Your objective | Below are the records; they must be reproduced verbatim.

....................

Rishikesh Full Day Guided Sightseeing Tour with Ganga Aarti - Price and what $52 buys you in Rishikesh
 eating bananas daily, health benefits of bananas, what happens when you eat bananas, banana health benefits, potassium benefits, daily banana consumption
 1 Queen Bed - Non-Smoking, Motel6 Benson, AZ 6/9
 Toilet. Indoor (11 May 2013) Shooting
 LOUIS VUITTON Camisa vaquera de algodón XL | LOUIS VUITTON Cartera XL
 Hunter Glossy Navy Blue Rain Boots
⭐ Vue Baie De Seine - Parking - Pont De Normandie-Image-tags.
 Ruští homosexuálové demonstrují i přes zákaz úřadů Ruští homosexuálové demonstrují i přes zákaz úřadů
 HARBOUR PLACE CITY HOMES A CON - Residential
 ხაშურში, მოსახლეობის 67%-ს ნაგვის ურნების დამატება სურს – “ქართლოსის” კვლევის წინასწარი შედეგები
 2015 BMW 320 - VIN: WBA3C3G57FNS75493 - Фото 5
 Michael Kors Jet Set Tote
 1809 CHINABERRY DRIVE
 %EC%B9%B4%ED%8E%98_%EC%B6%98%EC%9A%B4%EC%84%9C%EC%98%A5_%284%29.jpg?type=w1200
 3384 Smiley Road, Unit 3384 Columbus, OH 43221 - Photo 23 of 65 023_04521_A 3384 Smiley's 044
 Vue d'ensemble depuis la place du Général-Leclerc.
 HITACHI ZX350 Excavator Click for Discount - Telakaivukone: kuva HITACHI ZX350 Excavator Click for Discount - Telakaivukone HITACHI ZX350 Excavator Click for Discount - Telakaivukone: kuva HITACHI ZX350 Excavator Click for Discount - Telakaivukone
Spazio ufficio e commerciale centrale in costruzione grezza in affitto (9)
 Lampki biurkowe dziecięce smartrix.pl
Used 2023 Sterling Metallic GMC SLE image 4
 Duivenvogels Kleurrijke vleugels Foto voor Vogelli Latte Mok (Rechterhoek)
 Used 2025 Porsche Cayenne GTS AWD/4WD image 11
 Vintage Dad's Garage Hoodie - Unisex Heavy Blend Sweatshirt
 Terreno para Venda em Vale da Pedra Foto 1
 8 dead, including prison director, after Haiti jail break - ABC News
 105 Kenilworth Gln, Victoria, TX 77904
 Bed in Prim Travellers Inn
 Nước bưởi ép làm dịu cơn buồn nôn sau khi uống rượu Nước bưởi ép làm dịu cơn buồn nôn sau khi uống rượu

....................

Output for this task |
Rishikesh Full Day Guided Sightseeing Tour with Ganga Aarti - Price and what $52 buys you in Rishikesh
 eating bananas daily, health benefits of bananas, what happens when you eat bananas, banana health benefits, potassium benefits, daily banana consumption
 1 Queen Bed - Non-Smoking, Motel6 Benson, AZ 6/9
 Toilet. Indoor (11 May 2013) Shooting
 LOUIS VUITTON Camisa vaquera de algodón XL | LOUIS VUITTON Cartera XL
 Hunter Glossy Navy Blue Rain Boots
⭐ Vue Baie De Seine - Parking - Pont De Normandie-Image-tags.
 Ruští homosexuálové demonstrují i přes zákaz úřadů Ruští homosexuálové demonstrují i přes zákaz úřadů
 HARBOUR PLACE CITY HOMES A CON - Residential
 ხაშურში, მოსახლეობის 67%-ს ნაგვის ურნების დამატება სურს – “ქართლოსის” კვლევის წინასწარი შედეგები
 2015 BMW 320 - VIN: WBA3C3G57FNS75493 - Фото 5
 Michael Kors Jet Set Tote
 1809 CHINABERRY DRIVE
 %EC%B9%B4%ED%8E%98_%EC%B6%98%EC%9A%B4%EC%84%9C%EC%98%A5_%284%29.jpg?type=w1200
 3384 Smiley Road, Unit 3384 Columbus, OH 43221 - Photo 23 of 65 023_04521_A 3384 Smiley's 044
 Vue d'ensemble depuis la place du Général-Leclerc.
 HITACHI ZX350 Excavator Click for Discount - Telakaivukone: kuva HITACHI ZX350 Excavator Click for Discount - Telakaivukone HITACHI ZX350 Excavator Click for Discount - Telakaivukone: kuva HITACHI ZX350 Excavator Click for Discount - Telakaivukone
Spazio ufficio e commerciale centrale in costruzione grezza in affitto (9)
 Lampki biurkowe dziecięce smartrix.pl
Used 2023 Sterling Metallic GMC SLE image 4
 Duivenvogels Kleurrijke vleugels Foto voor Vogelli Latte Mok (Rechterhoek)
 Used 2025 Porsche Cayenne GTS AWD/4WD image 11
 Vintage Dad's Garage Hoodie - Unisex Heavy Blend Sweatshirt
 Terreno para Venda em Vale da Pedra Foto 1
 8 dead, including prison director, after Haiti jail break - ABC News
 105 Kenilworth Gln, Victoria, TX 77904
 Bed in Prim Travellers Inn
 Nước bưởi ép làm dịu cơn buồn nôn sau khi uống rượu Nước bưởi ép làm dịu cơn buồn nôn sau khi uống rượu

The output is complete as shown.